• [WORK TO BE COMPLETED]: Word for word, copy the line that contains "Light Brown Longline" and each line after it in the data below. Pictures stay out of the copy.
——
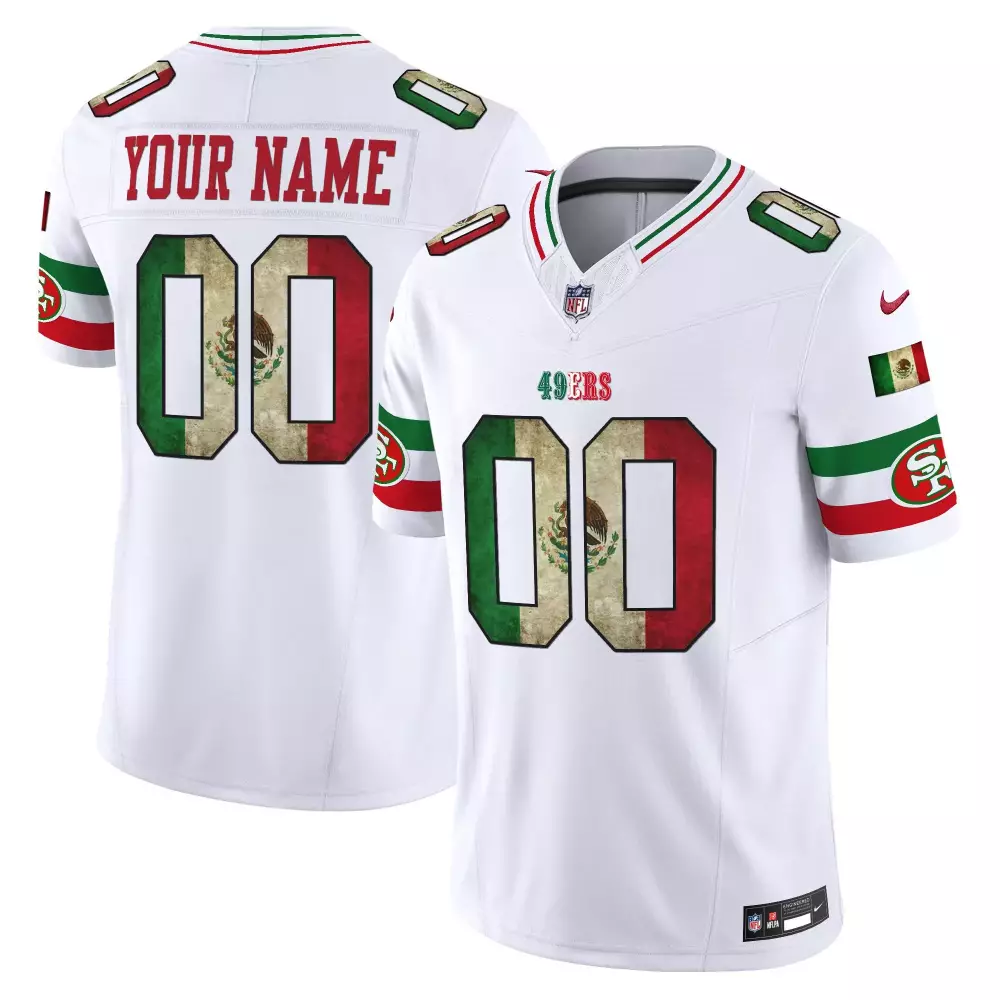 San Francisco 49ers Mexico Vapor Jersey | White Limited Edition | All Stitched | For Kids | For Men, Women & Youth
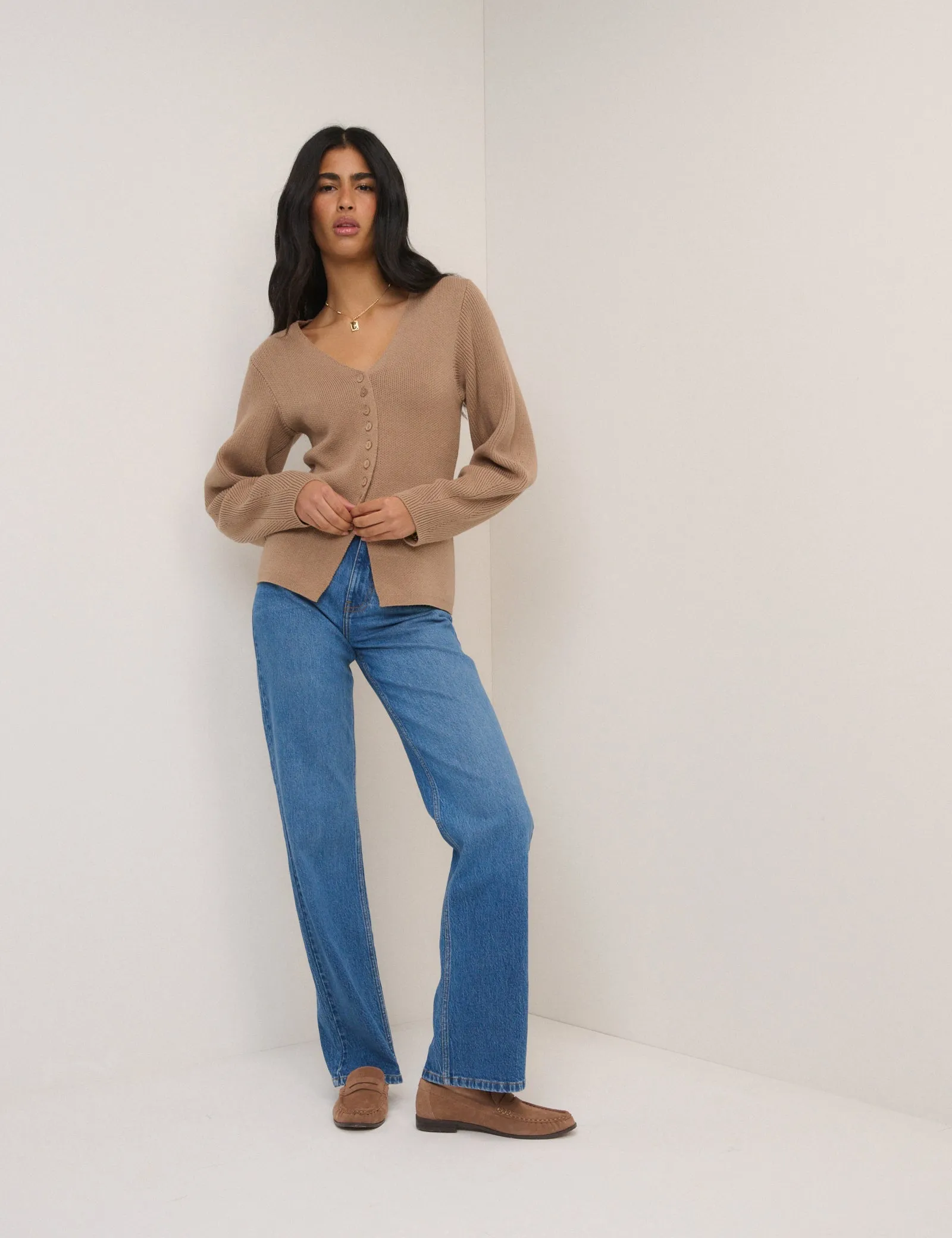 Light Brown Longline Cardigan sold by Nobody's Child product image thumbnail 3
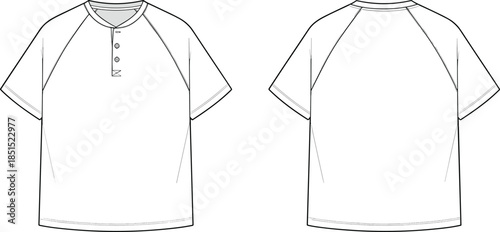 Short sleeve raglan henley t shirt technical flat drawing, button placket casual top, front back view, cad vector illustration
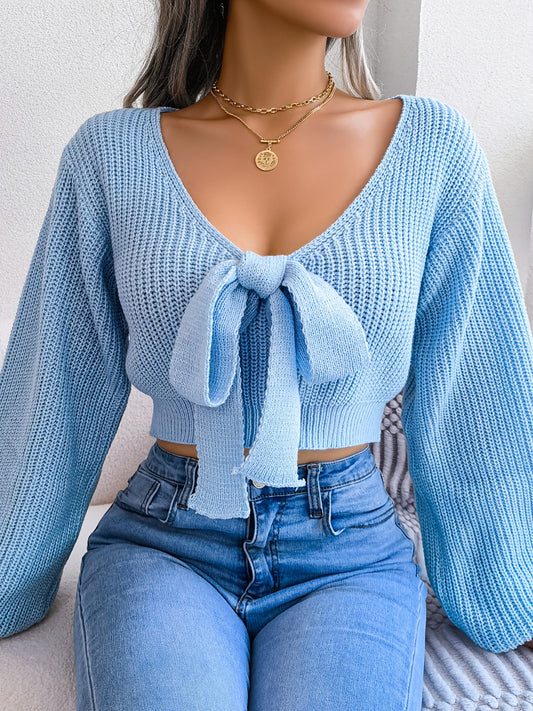 vlovelaw Sexy Bowknot V Neck Crop Sweater, Casual Lantern Long Sleeve Loose Fall Winter Knit Sweater, Women's Clothing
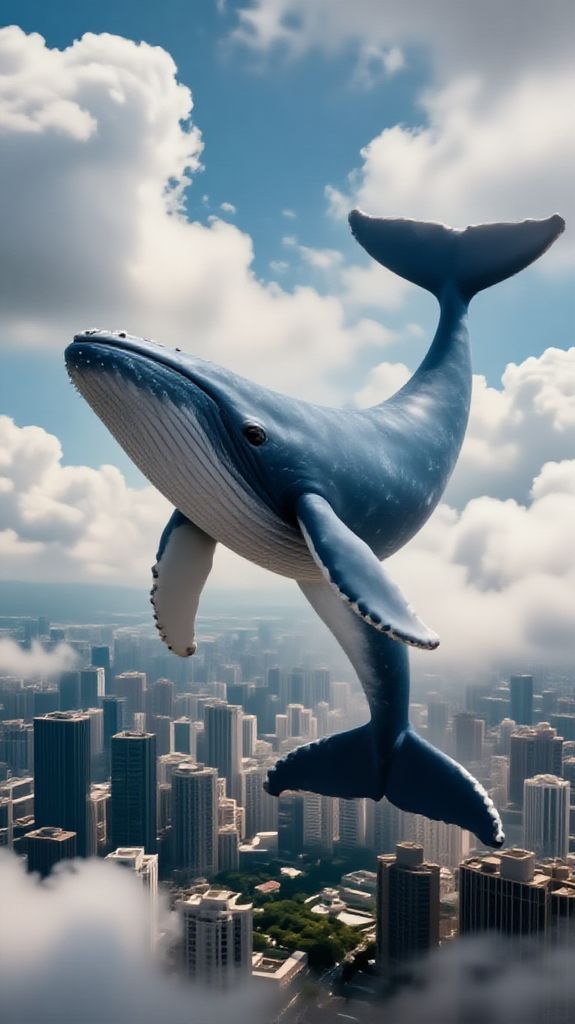 Giant Whale Swimming Through Clouds Digital art Wallpaper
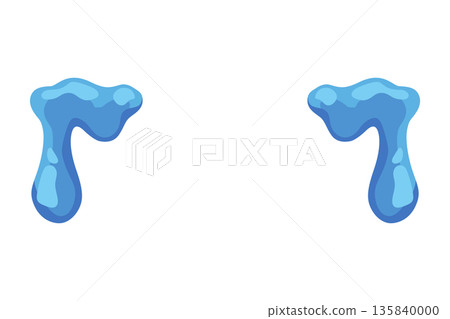 Cartoon tear drops icon. Sorrow cry streams, tear blob. Crying fluid, falling blue water drops. Isolated vector for sorrowful character weeping expression. Wet grief droplets 135840000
——
• [RESPONSE FOR THIS EXERCISE]:
 Light Brown Longline Cardigan sold by Nobody's Child product image thumbnail 3
 Short sleeve raglan henley t shirt technical flat drawing, button placket casual top, front back view, cad vector illustration
 vlovelaw Sexy Bowknot V Neck Crop Sweater, Casual Lantern Long Sleeve Loose Fall Winter Knit Sweater, Women's Clothing
 Giant Whale Swimming Through Clouds Digital art Wallpaper
 Cartoon tear drops icon. Sorrow cry streams, tear blob. Crying fluid, falling blue water drops. Isolated vector for sorrowful character weeping expression. Wet grief droplets 135840000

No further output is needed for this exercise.